2. The facts, in brief, may be
noticed. The petitioners have claimed that on 28.12.1973, the Himachal Pradesh
Education Department Service Rules, 1973 came into existence and dealt with the
recruitment and promotion rules for Trained Graduate Teachers (TGT). The
petitioners were appointed as Vidya Upasak and regularized as JBT Teachers. It
has not been disputed that all the petitioners were regularised as JBT Teachers
and fulfilled the criteria of two years regular service for being considered as
TGT as on 21.10.2009. It is claimed that that respondents conducted a D.P.C. in
July 2009 on the basis of two years criteria of regular service as JBT Teacher
for promotion as TGT teacher and accordingly made promotions of those JBT
(Medical) teachers who were regularized in 2007 and JBT (non‐medical)
teachers, who regularized in January 2006. It is the specific case of the petitioners
that they were regularized in 2007 and were eligible for the post of TGT, yet
the respondents did not consider the names of the petitioners in spite of the
fact that posts were available with them.
3. On 22.10.2009, the Himachal
Pradesh Education Service Rules, 1973 were amended and the condition for
promoting the JBT Teachers as TGT was extended from two years to five years. On
16.7.2011, the rules were further amended and a condition of minimum 50% marks
in graduation was inserted. Yet again, on 31.5.2012, the rules were amended,
wherein the condition of Teacher Eligibility Test (TET) has been made
compulsory for promotion as TGT (Medical).
4. The respondents‐
State to counter the claim of the petitioners have made the following
averments:
“That firstly, claims of the
petitioners that while conducting DPC during the year 2009 they have not been promoted
as TGT whereas they were eligible as per Old Recruitment and Promotion Rules.

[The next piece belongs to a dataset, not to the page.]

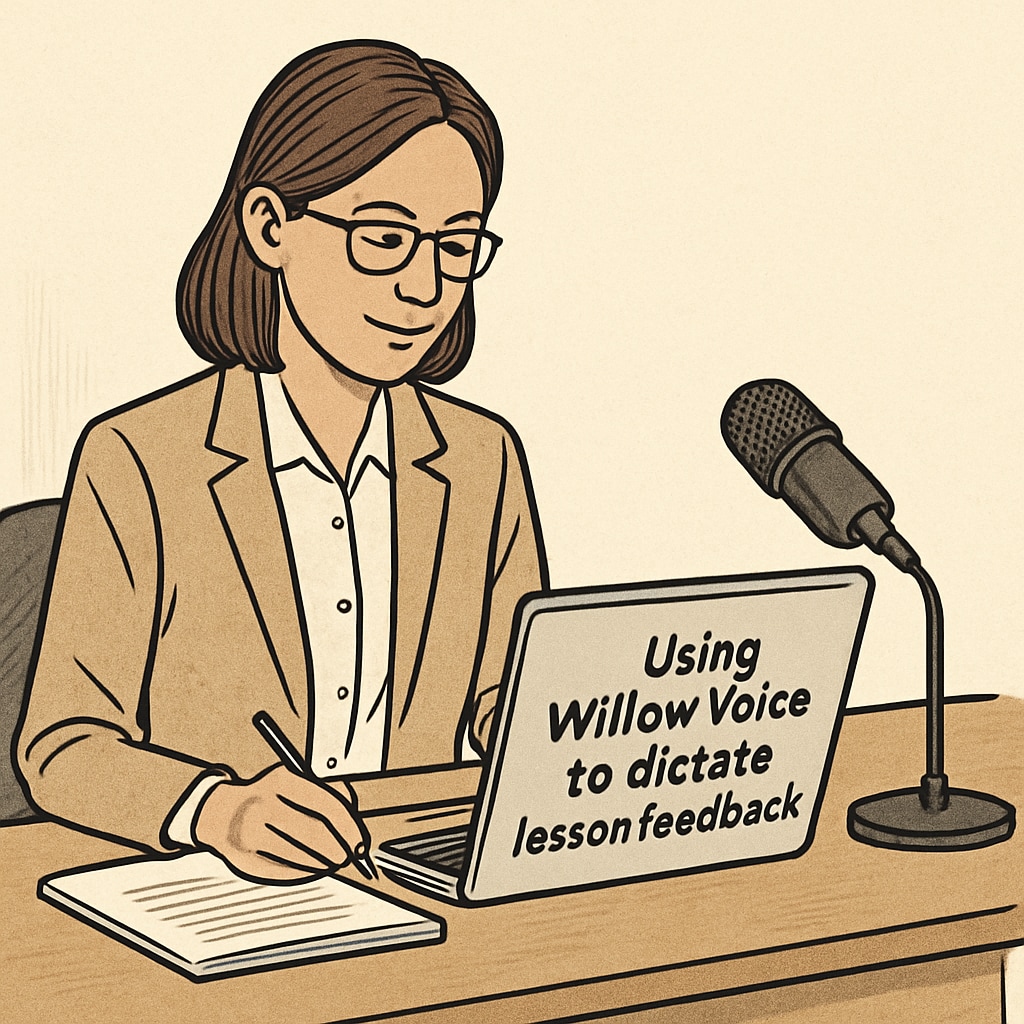 A teacher using WillowVoice to dictate lesson feedback, with a laptop and microphone visible on a desk. Speech recognition technology improving teacher workflows with WillowVoice.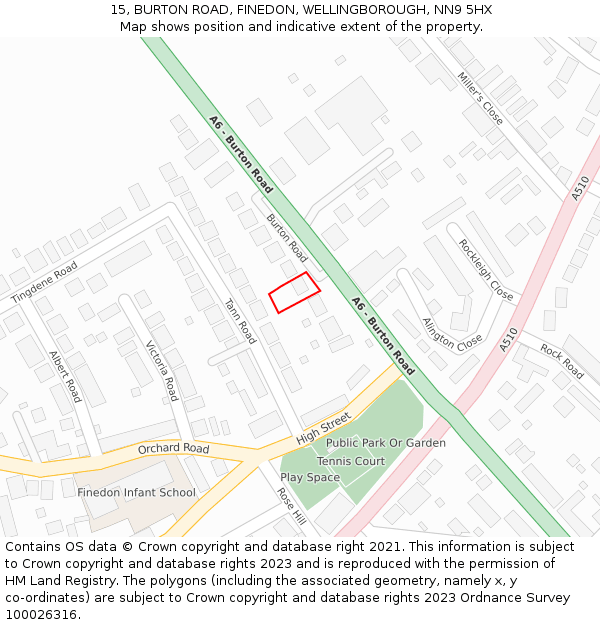 15, BURTON ROAD, FINEDON, WELLINGBOROUGH, NN9 5HX: Location map and indicative extent of plot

Secondly, promotion on backlog posts be made as per Old Recruitment and
Promotion Rules and they be considered in the DPC. It is submitted that the
services of the petitioners have been regularized w.e.f. 01.10.2007 as JBT
teacher and on 20.07.2009 promotion from JBT to TGT were made on routine basis,
however, as per Old Recruitment and Promotion Rules, two years minimum regular
service condition is applied for being considered for the post of TGT from the
feeder cadre of JBT in that event the petitioners are not eligible for
promotion as they had not completed two years regular services at the time of
DPC i.e. on 20.07.2009. It is submitted that this Hon’ble Court while deciding
similar situated cases i.e. the CWP No. 4039/2011 alongwith connected matters
on 03.01.2012 has pleased to decide the same that all the candidates, who were eligible
up to 22.10.2009 (i.e. formulation of New Recruitment and Promotion Rules) were
to be considered as per old rules since the vacancies were available.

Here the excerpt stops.